L’autre appendice – et il y a beaucoup de jambes à imaginer sur ces choses – ne l’a pas fait. Et, ne me demandez pas comment ils ont fait cela, mais les chercheurs ont mis un chapeau en papier d’aluminium sur les mille-pattes, bloquant leurs antennes. Cela réduisait considérablement leur capacité à trouver des zones sombres. Dans l’ensemble, cela a conduit les chercheurs à soupçonner que tout ce qui se passait avec la détection de la lumière, cela se produisait dans ces organes.
Un gène inhabituel
Les chercheurs ont ensuite décidé d’identifier le gène impliqué. Pour ce faire, ils ont isolé des copies de tous les gènes actifs dans les antennes. Ils ont ensuite identifié ceux dont les segments peuvent traverser la membrane, puisque la protéine doit permettre aux ions de le faire. Cela a réduit la liste des gènes possibles de plus de 8 000 à un peu plus de 1 000. À ce moment-là, les chercheurs ont juste commencé à mettre les gènes individuellement dans des cellules humaines jusqu’à ce qu’ils en trouvent un qui permette aux ions d’entrer dans les cellules à des températures élevées.
Le gène qui a fonctionné s’appelait BRTNaC1, et il est quelque peu lié à une famille connue de canaux ioniques qui permettent aux ions sodium d’entrer et de sortir des cellules. Mais cette famille n’est pas sensible aux températures. Et BRTNaC1 n’est pas pointilleux sur les ions qu’il laisse entrer dans les cellules ; il permettra également au calcium de passer à travers les membranes.
Après avoir testé divers produits chimiques, ils ont découvert que la testostérone inhibait l’activité de BRTNaC1. Ce n’est pas biologiquement pertinent, car les insectes ne fabriquent pas de testostérone. Mais c’est certainement pratique car vous pouvez l’appliquer à l’antenne sans avoir à vous soucier de modifier le comportement des insectes. Les chercheurs ont donc traité les mille-pattes avec de la testostérone, puis ont testé s’ils étaient toujours sensibles à la lumière. Ils n’étaient pas.
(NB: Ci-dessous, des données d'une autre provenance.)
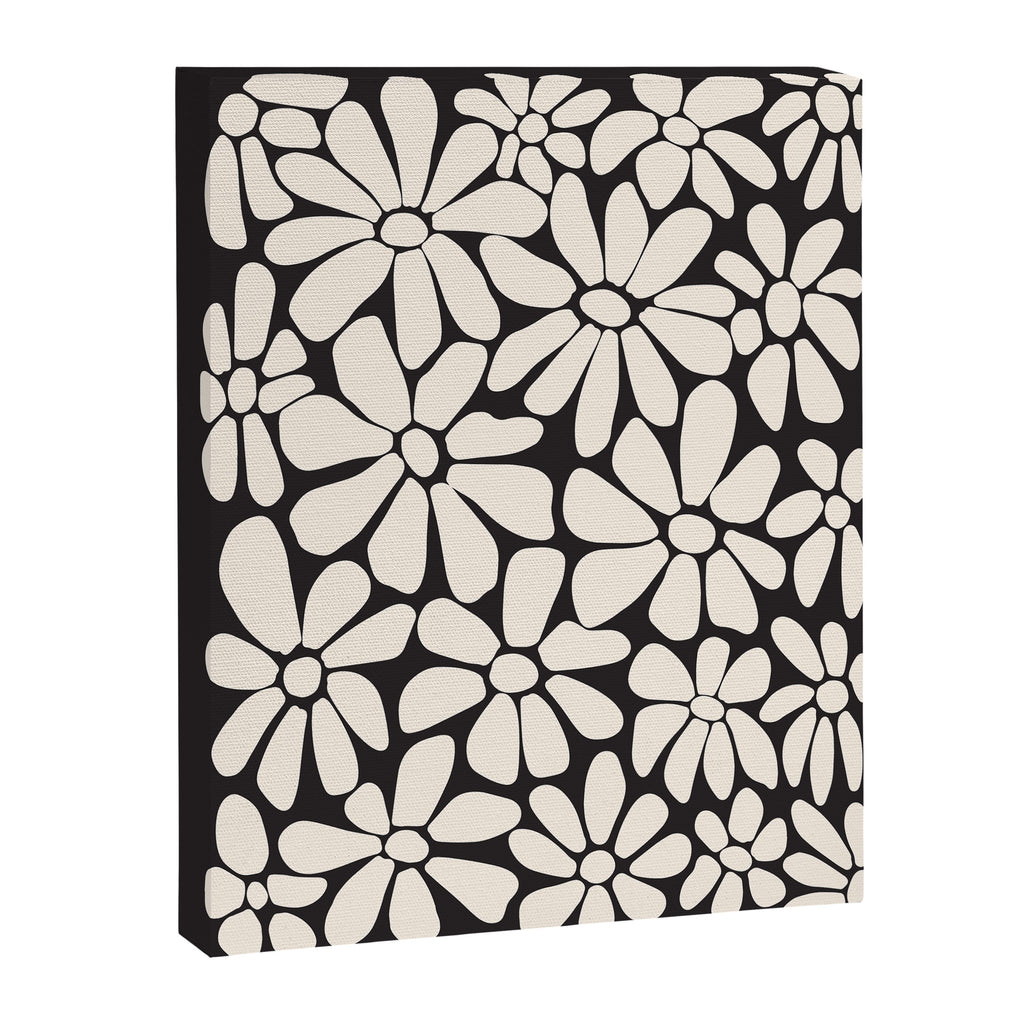 Black and White Retro Floral 2 Canvas Print Gallery Image 6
Tout cela indique que ces animaux sentent la lumière sans enregistrer directement de photons. Au lieu de cela, ils le sentent très indirectement, avec un organe qui chauffe sélectivement lorsqu’il est exposé à la lumière, permettant à l’animal de ressentir ce changement de température. Jusqu’à présent, c’est le seul exemple de cela qui a été identifié. Il est possible que ces mille-pattes soient uniques en leur genre en termes de biologie.
Il y a deux choses frappantes à ce sujet. La première est qu’il existe de nombreuses protéines connues que les organismes utilisent pour détecter les températures, comme celles qui nous font éloigner nos mains des poêles chauds. Mais BRTNaC1 n’est étroitement lié à aucun d’entre eux. Il semble donc avoir évolué de manière complètement indépendante. La deuxième chose est que nous n’avons aucune idée de la structure de l’antenne pour qu’elle chauffe sélectivement.
PNAS, 2019. DOI : 10.1073/pnas.2218948120 (À propos des DOI).